E’ a Napoli che trova ambientazione la tragedia di Merimeè, Carmen, nella versione fedele e innovativa, allo stesso tempo, di Enzo Moscato, che affida adattamento e regia a Mario Martone.
In scena al Bellini dal 12 al 24 aprile, lo spettacolo si proietta interamente nella bassezza dei quartieri spagnoli, da cui si erge la seduzione sfrontata della zingara Carmen (Iaia Forte) e l’ingenua violenza del soldato Cosè (Roberto De Francesco).
Il tutto è  accompagnato dalle musiche di Bizet rielaborate dall’Orchestra di Piazza Vittorio (direzione musicale di Mario Tronco) che prende parte attivamente alla rappresentazione, in un mondo in cui i musicisti sono attori, gli attori musicisti, e tutto si muove nella regola della contaminazione.

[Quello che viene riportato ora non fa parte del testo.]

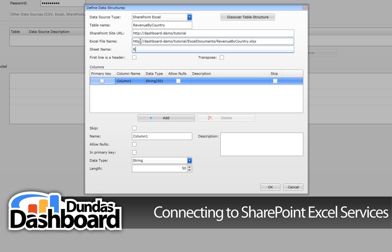We need to specify the name of the sheet the data resides in. In our case, type in revenue. If the first row in the sheet specifies the header name, then check this box. Otherwise, just leave it. In our case, it does, so we will check it.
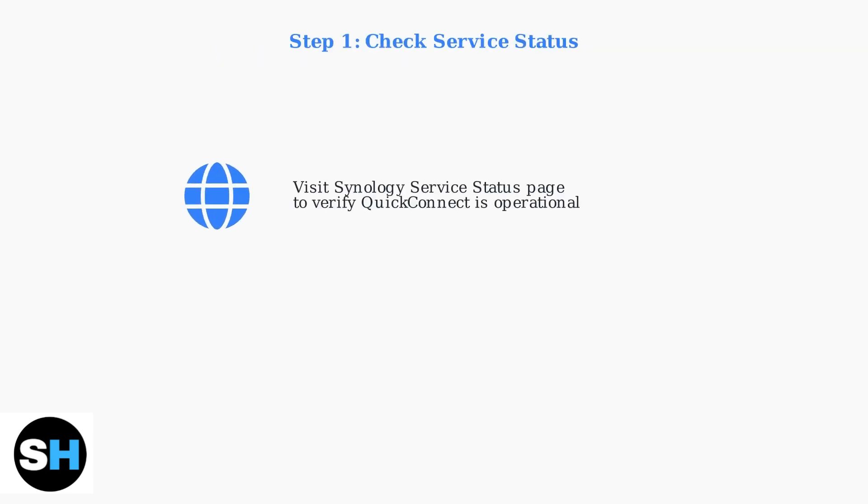First, always check if QuickConnect itself is operational. Visit Synology's service status page to verify the service isn't under maintenance or experiencing outages.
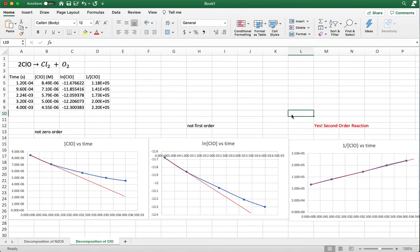So that's what we wanted to do here in this video — show you how to determine reaction orders based on experimental data, but also a tutorial on Excel: how to do calculations in Excel and use the data to make different plots in Excel.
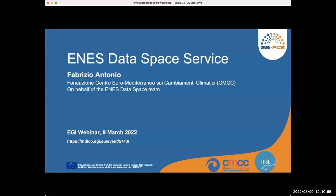My name is Fabrizio Antonio and I'm a computer engineer at the Advanced Scientific Computer Division of the Euro-Mediterranean Center on Climate Change. I'd like to thank the EGI staff for inviting us to the EGI webinar program and thanks to all of you for attending. On behalf of the ENES Data Space team, I'll give you today an overview of the ENES Data Space, one of the Data Space services supported by the EGI ACE project. The activities have been carried out jointly by CMCC, the Euro-Mediterranean Center on Climate Change, and IPSL, the Institute Pierre-Simon Laplace.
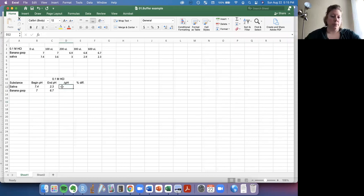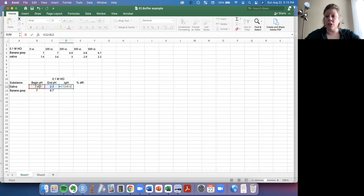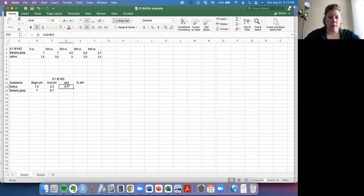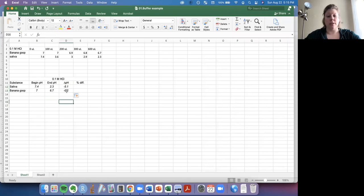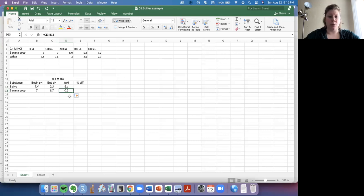So for the change in pH, we're going to say equals what it ended with minus what it started with. So how did it change? This one went down 5.1 pH points. And in Excel, you can just drag down and that'll do the same thing. We can even check up here, C13. This is 13. C13 minus B13. That gives us negative 0.3 pH points.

La zingara assorbe dalle mura della città, la cui rovina non ha presente né futuro, una forza tutta nuova: la Carmen napoletana, nella versione di Mario Martone, non muore (“Che vi devo dire? I’nun so’ morta!”) ma non è immune alle implicazioni dell’amore.
Carmen incarna il fascino stesso della città di Napoli, quella Napoli così “puttana e filosofa”, che si vende, tradisce, intrappola, distrugge, ma con l’onestà di chi fa per sopravvivere.

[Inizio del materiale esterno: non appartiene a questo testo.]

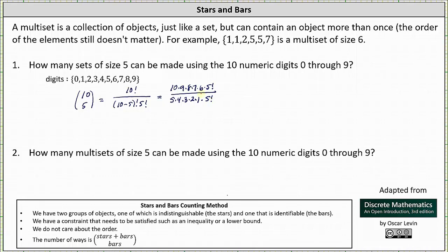Simplifying: 5 factorial divided by itself simplifies to 1. In the denominator, 3 times 2 is 6, and 6 divided by 6 simplifies to 1. Then 4 and 8 share a common factor of 4, and 5 and 10 share a common factor of 5. We are left with 2 times 9 times 2 times 7, which is 252. There are 252 sets of size 5.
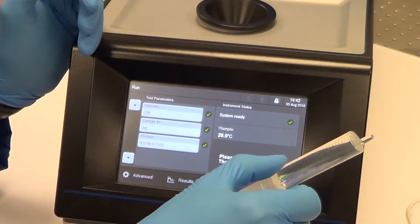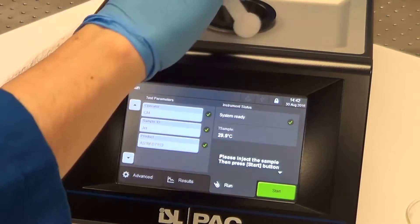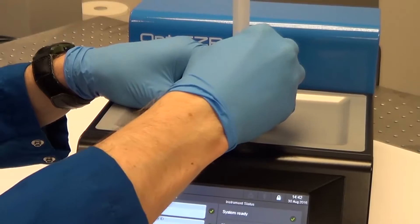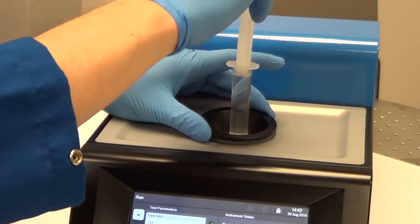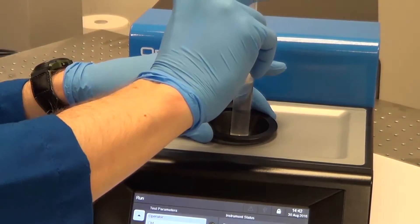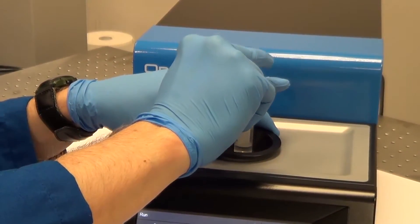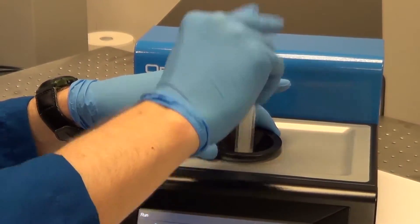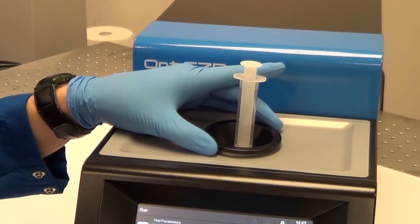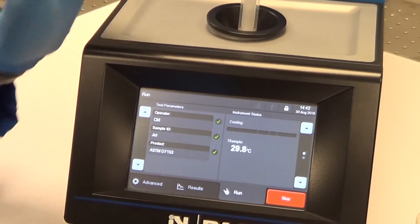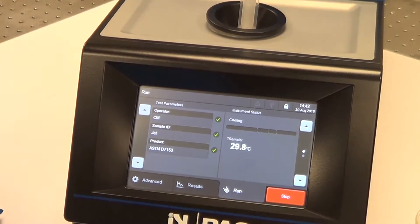We have our sample here; we just inject it into the inlet port on the top. Press start, and it's as simple as that.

Non c’è amore a Napoli, amore per Napoli, che salvi. Ti concede per qualche istante la stupidità di chi crede di aver abbracciato la libertà, la ribellione alla definizione di se stessi: una puttana ama, un soldato uccide.
Ma quando sopraggiunge la consapevolezza che l’amore sia poco più che un istante in cui sorridi alle porte chiuse del tuo carcere, quando si fa spazio l’intuizione che il desiderio va a braccetto con la morte, ecco che una puttana resta una puttana, un soldato remissivo resta remissivo, cambiando solo l’autorità a cui sottomettersi: ieri la giustizia, oggi la malavita.
Perché Napoli non perdona gli stupidi innamorati e li punisce con la gelosia che rende folli, la debolezza che rende ciechi.
E’ una città severa, fatta, come Carmen, di “volgarità e rime”. Non solo inciviltà, non solo poesia, ma una combinazione dei due concetti che non è un riassunto, ma un rapporto di dipendenza in cui uno rafforza l’altro, e fa sì che Napoli sia, nella sua unicità, semplicemente Napoli.
E’ Napoli lo spettacolo incompiuto di un commediografo ubriaco che è morto sul pezzo, lasciando la città a farsi da sé.

“..Napoli, così come me, non può essere stata altro che se stessa.”